QUINCY — Billy Akers and Jason Brigman lifted the pane of glass, carefully fitting it into a window frame at Quincy Public Library.
“It’s a nice clean look,” said Akers with Adams County Glass. “It’s long overdue here.”
Then the business partners prepare to repeat the process with another 140-pound pane as part of the third and final year of the library’s $250,000 window project.
“We’re replacing all of the original 1974 windows,” QPL Executive Director Kathleen Helsabeck said. “This is preserving the building for the future.”
Akers said this summer’s installation work is going well, hampered only by delays in getting product due to ongoing supply chain issues.
“The glass we’re putting in is all safety glass — one-inch, Low-E (low emissivity), tempered and great for R value,” he said.
Window frames designed with a “thermal break” keep cold from transferring from the exterior to the interior, which will help with the building’s heating and air conditioning costs.
“It should make a huge difference, just having something that’s modern and not 45 years old,” Akers said.
Some of the existing insulated glass panels had separated into two pieces, instead of one solid piece, and water damage surrounded some of the old window frames.
“There was some leaking in the windows.
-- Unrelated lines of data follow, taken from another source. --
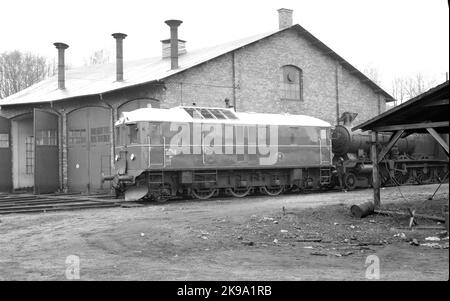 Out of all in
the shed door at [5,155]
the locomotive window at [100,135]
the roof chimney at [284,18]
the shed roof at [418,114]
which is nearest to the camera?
the shed roof at [418,114]

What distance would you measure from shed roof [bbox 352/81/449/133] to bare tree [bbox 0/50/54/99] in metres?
48.9

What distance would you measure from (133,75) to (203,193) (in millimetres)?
10540

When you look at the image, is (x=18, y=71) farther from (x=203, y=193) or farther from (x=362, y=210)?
(x=362, y=210)

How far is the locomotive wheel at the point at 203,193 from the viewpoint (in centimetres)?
2175

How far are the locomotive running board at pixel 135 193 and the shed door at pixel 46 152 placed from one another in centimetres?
888

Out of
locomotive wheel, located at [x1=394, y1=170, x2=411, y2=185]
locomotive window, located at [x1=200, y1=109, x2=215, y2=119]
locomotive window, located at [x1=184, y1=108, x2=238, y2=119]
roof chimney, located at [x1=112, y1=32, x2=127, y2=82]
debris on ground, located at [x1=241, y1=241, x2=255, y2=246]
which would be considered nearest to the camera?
debris on ground, located at [x1=241, y1=241, x2=255, y2=246]

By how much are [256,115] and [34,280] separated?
16371mm

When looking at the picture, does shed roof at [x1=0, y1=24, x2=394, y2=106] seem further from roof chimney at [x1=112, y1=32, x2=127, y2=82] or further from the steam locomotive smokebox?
the steam locomotive smokebox

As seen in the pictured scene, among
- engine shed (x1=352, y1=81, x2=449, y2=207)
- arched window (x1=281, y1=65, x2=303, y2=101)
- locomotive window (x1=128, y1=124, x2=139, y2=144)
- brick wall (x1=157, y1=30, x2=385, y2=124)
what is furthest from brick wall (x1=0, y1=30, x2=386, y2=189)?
engine shed (x1=352, y1=81, x2=449, y2=207)

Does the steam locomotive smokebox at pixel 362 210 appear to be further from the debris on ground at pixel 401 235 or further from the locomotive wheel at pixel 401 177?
the locomotive wheel at pixel 401 177

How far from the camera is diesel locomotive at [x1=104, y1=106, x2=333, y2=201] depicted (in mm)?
20391

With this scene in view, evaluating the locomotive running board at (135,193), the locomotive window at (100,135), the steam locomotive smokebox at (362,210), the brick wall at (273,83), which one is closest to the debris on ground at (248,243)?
the steam locomotive smokebox at (362,210)

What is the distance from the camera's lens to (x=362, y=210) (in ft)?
45.5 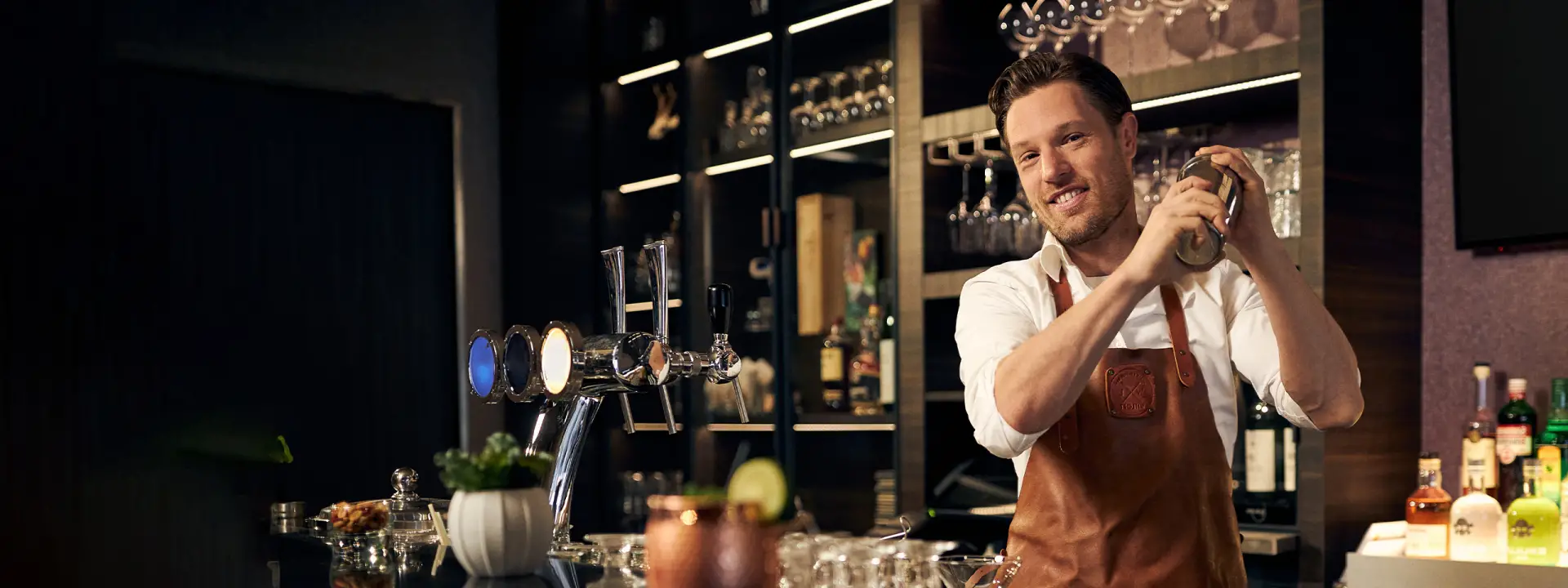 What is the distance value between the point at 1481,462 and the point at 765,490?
6.65 feet

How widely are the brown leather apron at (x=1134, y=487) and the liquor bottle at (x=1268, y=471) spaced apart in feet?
3.89

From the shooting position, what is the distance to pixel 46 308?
4383mm

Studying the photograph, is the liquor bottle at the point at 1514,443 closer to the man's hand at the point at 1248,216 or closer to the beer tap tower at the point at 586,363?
the man's hand at the point at 1248,216

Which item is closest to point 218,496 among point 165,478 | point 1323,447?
point 165,478

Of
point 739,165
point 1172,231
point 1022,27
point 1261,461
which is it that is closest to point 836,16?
point 739,165

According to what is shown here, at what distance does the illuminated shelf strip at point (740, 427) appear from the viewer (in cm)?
434

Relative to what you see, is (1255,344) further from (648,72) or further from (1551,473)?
(648,72)

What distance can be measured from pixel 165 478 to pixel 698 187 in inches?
84.8

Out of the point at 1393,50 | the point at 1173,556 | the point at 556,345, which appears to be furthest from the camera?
the point at 1393,50

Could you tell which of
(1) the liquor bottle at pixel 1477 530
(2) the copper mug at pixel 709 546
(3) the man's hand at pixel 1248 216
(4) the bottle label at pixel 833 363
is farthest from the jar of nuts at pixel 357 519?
(4) the bottle label at pixel 833 363

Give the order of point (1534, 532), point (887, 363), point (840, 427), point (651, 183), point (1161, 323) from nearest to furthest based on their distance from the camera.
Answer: point (1161, 323), point (1534, 532), point (887, 363), point (840, 427), point (651, 183)

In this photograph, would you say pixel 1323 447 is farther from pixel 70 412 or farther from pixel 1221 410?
pixel 70 412

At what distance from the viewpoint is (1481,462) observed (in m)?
2.70

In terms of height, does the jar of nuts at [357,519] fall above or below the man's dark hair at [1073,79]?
below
In some areas, if it rained in a certain direction, it was leaking,” Helsabeck said.
QPL invested some $45,000 in the project over the past two years, with the bulk of the work being done this year. Helsabeck said $42,636 in American Rescue Plan Act, or ARPA, funds through the city along with $157,353 in additional personal property replacement tax funds covered this year’s cost.
The project helps the library’s board and administration “be good stewards of the building,” Helsabeck said. Windows “are getting replaced with a darker tint to help the building with energy savings and also to help preserve materials that are next to windows so they don’t fade.”